Observing frames are a combination of an observer place, and an specific time of observation. More...

Classes
struct	novas_frame
	A set of parameters that uniquely define the place and time of observation. More...
struct	novas_matrix
	A 3x3 matrix for coordinate transformations. More...
struct	novas_transform
	A transformation between two astronomical coordinate systems for the same observer location and time. More...

Macros
#define	NOVAS_FRAME_INIT
	Empty initializer for novas_frame.
#define	NOVAS_TRANSFORM_INIT
	Empty initializer for NOVAS_TRANSFORM.

Typedefs
typedef struct novas_frame	novas_frame
	A set of parameters that uniquely define the place and time of observation.
typedef struct novas_matrix	novas_matrix
	A 3x3 matrix for coordinate transformations.
typedef struct novas_transform	novas_transform
	A transformation between two astronomical coordinate systems for the same observer location and time.

Enumerations
enum	novas_accuracy { NOVAS_FULL_ACCURACY = 0 , NOVAS_REDUCED_ACCURACY }
	Constants to control the precision of NOVAS nutation calculations. More...

Functions
int	novas_change_observer (const novas_frame orig, const observer obs, novas_frame *out)
	Change the observer location for an observing frame.
int	novas_invert_transform (const novas_transform transform, novas_transform inverse)
	Inverts a novas coordinate transformation matrix.
int	novas_make_frame (enum novas_accuracy accuracy, const observer obs, const novas_timespec time, double xp, double yp, novas_frame *frame)
	Sets up a observing frame for a specific observer location, time of observation, and accuracy requirement.
int	novas_make_transform (const novas_frame frame, enum novas_reference_system from_system, enum novas_reference_system to_system, novas_transform transform)
	Calculates a transformation matrix that can be used to convert positions and velocities from one coordinate reference system to another.

Detailed Description

Observing frames are a combination of an observer place, and an specific time of observation.

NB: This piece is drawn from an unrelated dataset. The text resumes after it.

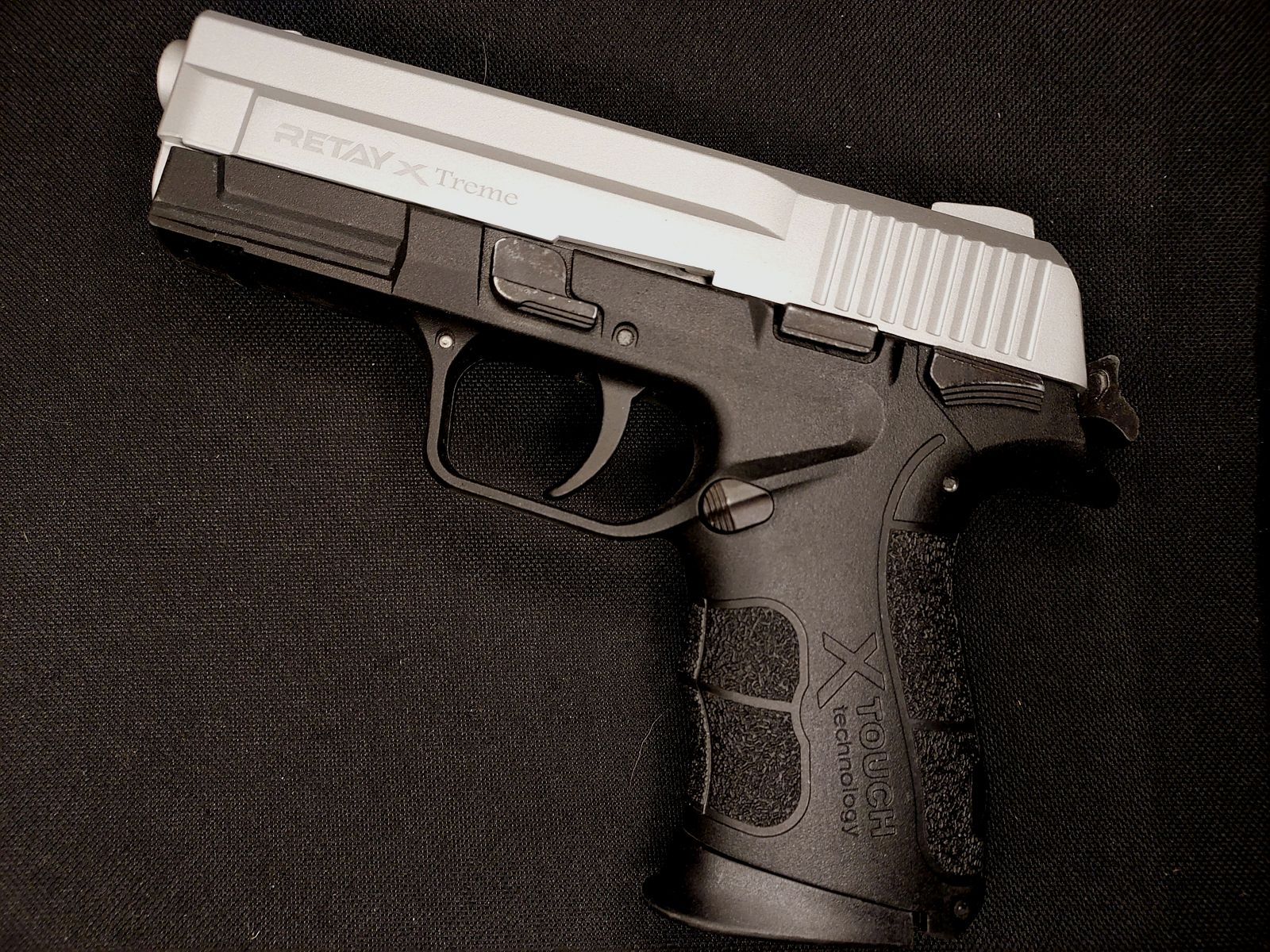 Retay X Treme Schreckschuss Pistole 9mm P.A.K. brüniert (PTB 1042)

SuperNOVAS observing frames are not to be confused with coordinate reference frames, even if the two do have aspects in common. Here, a frame provides a topological snapshot of apparent places of all sources on the sky, as well as their geometric locations and velocities in 3D space – without imposing a particular coordinate system on them. So, while a coordinate reference frame (such as ICRF) implies a particular choice of a coordinate system, a SuperNOVAS observing frame is essentially coordinate-system independent in nature.

The power of observing frames is that they make it easy to express locations on the celestial sphere in any coordinate system, and allow to convert apparent places and geometric coordinates between different coordinate systems with superior efficiency.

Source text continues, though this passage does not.